- The U.S. Federal Reserve cut interest rates by 25 basis points, signaling a more accommodative monetary stance.
- Bitcoin prices fell about 3% to $111,400 as traders digested the policy move.
- The Fed said it will end quantitative tightening on December 1.
The cryptocurrency market experienced renewed volatility after the U.S. Federal Reserve announced a widely anticipated 25 basis-point rate cut.
Bitcoin (BTC), Ethereum (ETH) and other altcoins reacted with mild declines as traders assessed the central bank’s decision and its implications for the broader economy and digital asset markets.
Fed delivers another rate cut amid economic uncertainty
The Federal Reserve reduced its benchmark federal funds rate by a quarter percentage point, bringing the target range to 3.75%–4.00%.
This marks the second consecutive rate reduction as policymakers seek to support a cooling economy.
The decision, expected by most market participants, came against a backdrop of ongoing concerns about a fragile labor market, a continuing government shutdown and a scarcity of fresh economic data.
At the post-meeting press conference, Fed Chair Jerome Powell noted that while several key federal data releases were delayed by the shutdown, available public and private sector information suggested only modest changes in the outlook for jobs and inflation since the September meeting.
Powell also warned that another rate cut in December is “not a foregone conclusion.”
Although projections released in September pointed to potential reductions in October and December, Powell emphasized that December’s move is data-dependent, underscoring a more conditional approach from the central bank.
The Fed also announced it will end its quantitative tightening program on December 1, marking a gradual shift toward looser policy conditions.
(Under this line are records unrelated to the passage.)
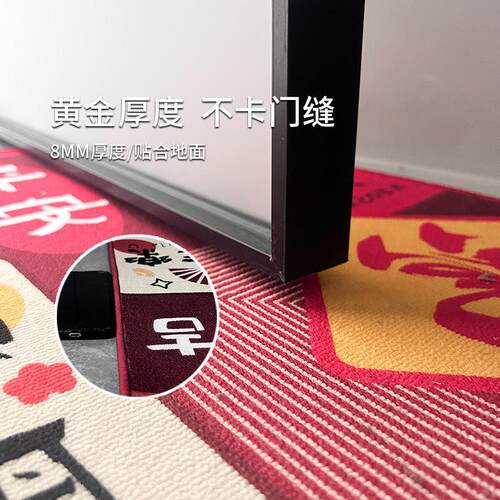 入户门地垫进门门口脚垫家用入户喜庆玄关门垫乔迁之喜地垫可裁剪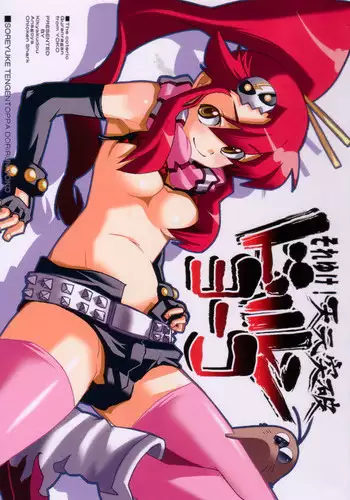 (C70) [Anagoya, Chicken Shark, Kikyakudou (Anago, Karateka-VALUE, Kurosyo)] SOREYUKE! TENGENTOPPA DORIRUN YOKO (Tengen Toppa Gurren Lagann)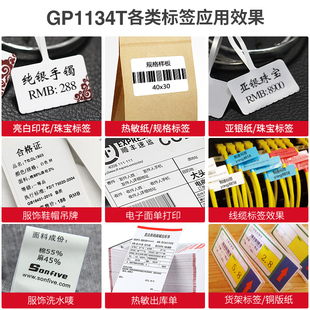 1124T1524T 佳博GP 1134T不干胶标签打印机快递电子面单吊牌珠宝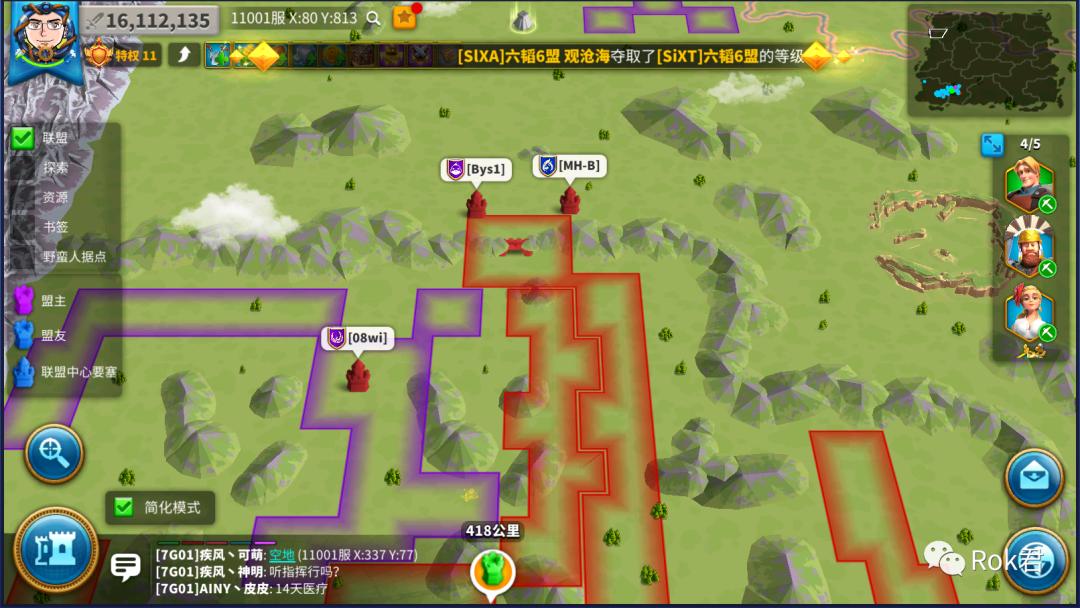 万国觉醒k2关4什么时候全部开放,万国觉醒关8有什么用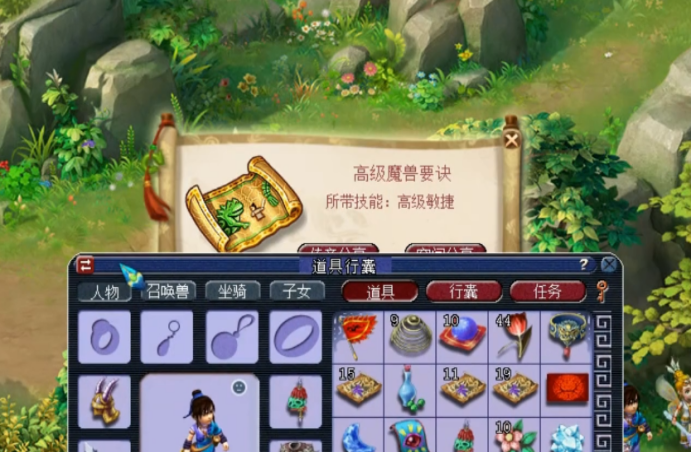 梦幻西游：玩家领取85级剧情奖励，这次到天蓬元帅发年终奖了？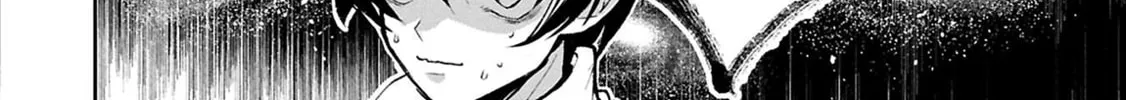 A Wild Last Boss Appeared! Chapter 51.1 page 23 -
Not all members of the Federal Open Market Committee agreed on the pace of easing. Some, including Stephen Miran, argued for a steeper 50 basis-point reduction to speed growth, while others — such as Cleveland Fed President Beth Hammack and Dallas Fed President Lorie Logan — urged caution.
This internal divide highlights growing uncertainty about how the Fed will navigate the months ahead.
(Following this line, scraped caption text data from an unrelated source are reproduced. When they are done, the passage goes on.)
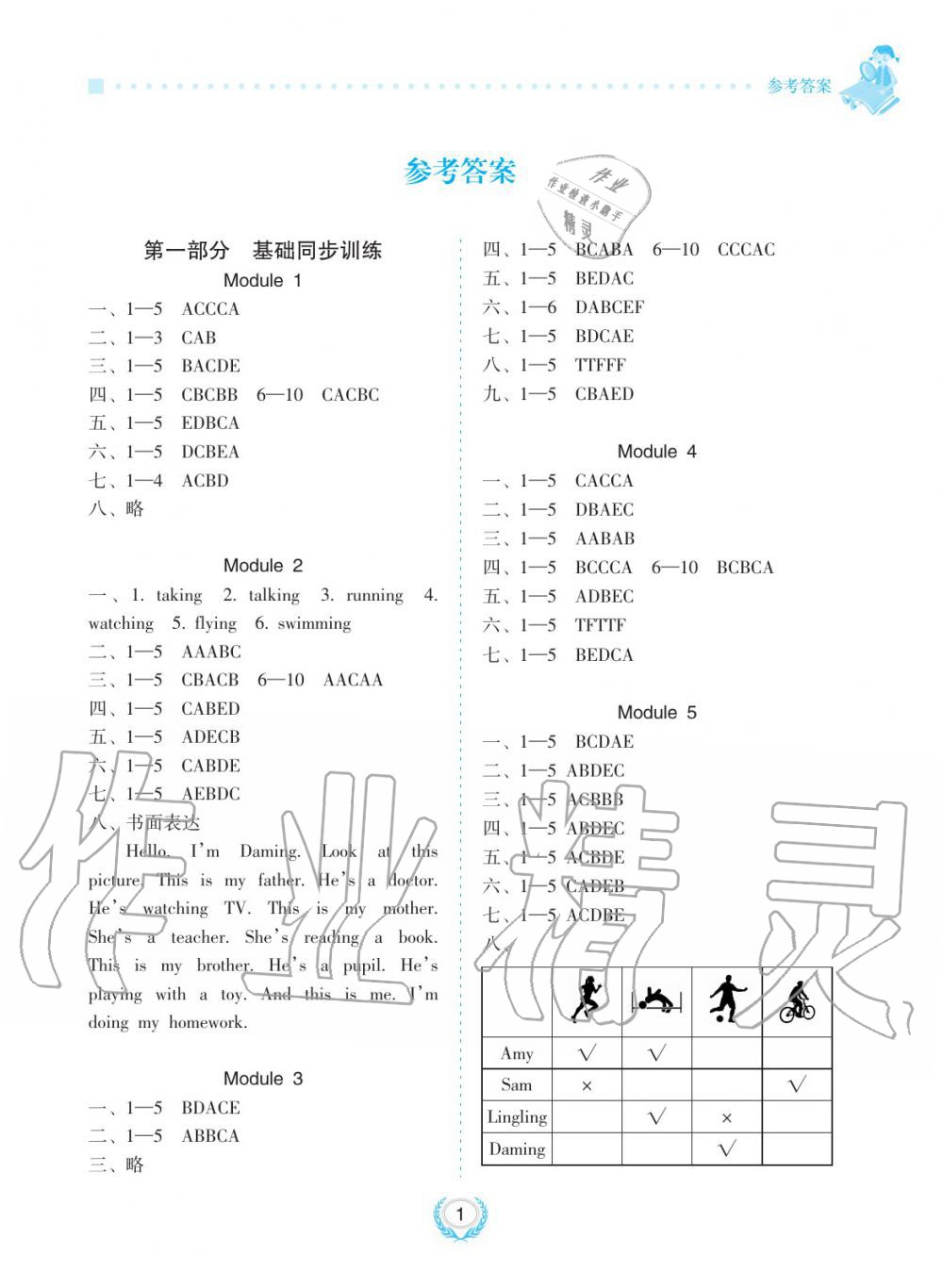 2019年金椰風(fēng)新課程同步練四年級(jí)英語(yǔ)上冊(cè)外研版 第1頁(yè)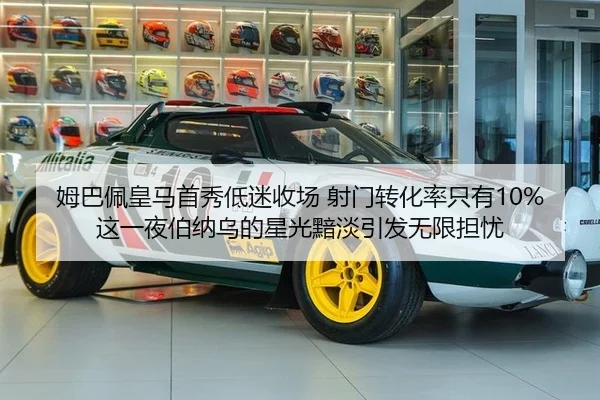 姆巴佩皇马首秀低迷收场 射门转化率只有10% 这一夜伯纳乌的星光黯淡引发无限担忧
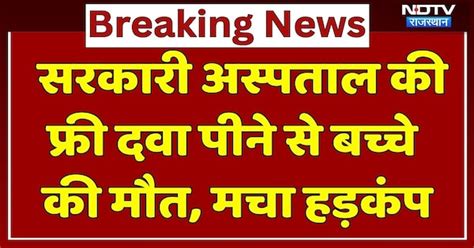 Sikar Breaking News: सरकारी अस्पताल की फ्री दवा पीने से बच्चे की मौत ...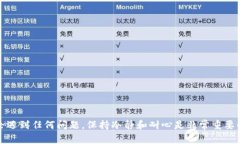 xiaotiaoTPWallet：如何解决币确认中的问题？/xiaot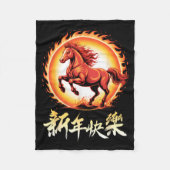 Couverture Polaire Happy Chinese New Year 2026 Lunar New Year Chinese (Devant)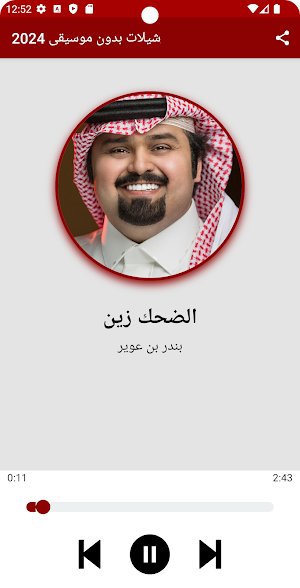 شيلات 2024 بدون موسيقى ونت Screenshot 1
Crypto markets react as Bitcoin retreats
In the hours after the Fed’s announcement, Bitcoin dropped roughly 3% to trade near $111,400, while Ethereum hovered around $4,000, down by a similar margin.
The broader crypto market capitalization stood at about $3.86 trillion after a moderate 2.4% decline, with many top assets trading in the red.
Liquidations across derivatives platforms totaled roughly $560 million, reflecting a short-lived wave of volatility.
The muted reaction suggests the rate cut had largely been priced in, as traders had anticipated the move for weeks.
Bitcoin’s weakness followed a broader pullback from all-time highs reached earlier this month.
While lower rates and renewed liquidity are generally viewed as supportive, the market remained cautious.
Ethereum and other major altcoins, including Solana (SOL), XRP and Binance Coin (BNB), also posted small daily losses.
Economic backdrop weighs on investor sentiment
Recent data from the Chicago Fed showed unemployment near 4.3%, the highest level in four years, while inflation remains around 3%, above the Fed’s 2% target.
The Conference Board’s consumer expectations index also remains below levels typically associated with robust confidence, raising concerns about a potential slowdown.
These signals paint a picture of an economy losing momentum.
With inflation still elevated and job growth softening, the Fed faces a delicate balancing act — supporting growth without reigniting price pressures.
Analysts say that if the economy weakens further, additional rate cuts could follow before year-end.
Markets now await Powell’s next move
Traders will watch Powell’s remarks closely for clues on how long the current easing cycle might last.
Many expect the Fed to maintain a cautious tone while emphasizing flexibility given the lack of recent economic data due to the government shutdown.
Crypto analysts believe continued moves toward lower rates and the end of quantitative tightening could support digital assets over the medium term.
Easier financial conditions typically encourage risk-taking, and historically Bitcoin and other cryptocurrencies have benefited from increased liquidity.
That said, short-term volatility remains likely.
Bitcoin’s price remains sensitive to macroeconomic shifts, and with uncertainty around both monetary policy and the global economic outlook, traders may see further moves before the market finds a clear direction.
In the near term, crypto investors are braced for Powell’s statements and any signals of further easing.
Although lower interest rates could relieve pressure on risk assets, the path forward remains uncertain — for now, Bitcoin and altcoins appear content to wait for clearer signs from the Fed’s next steps.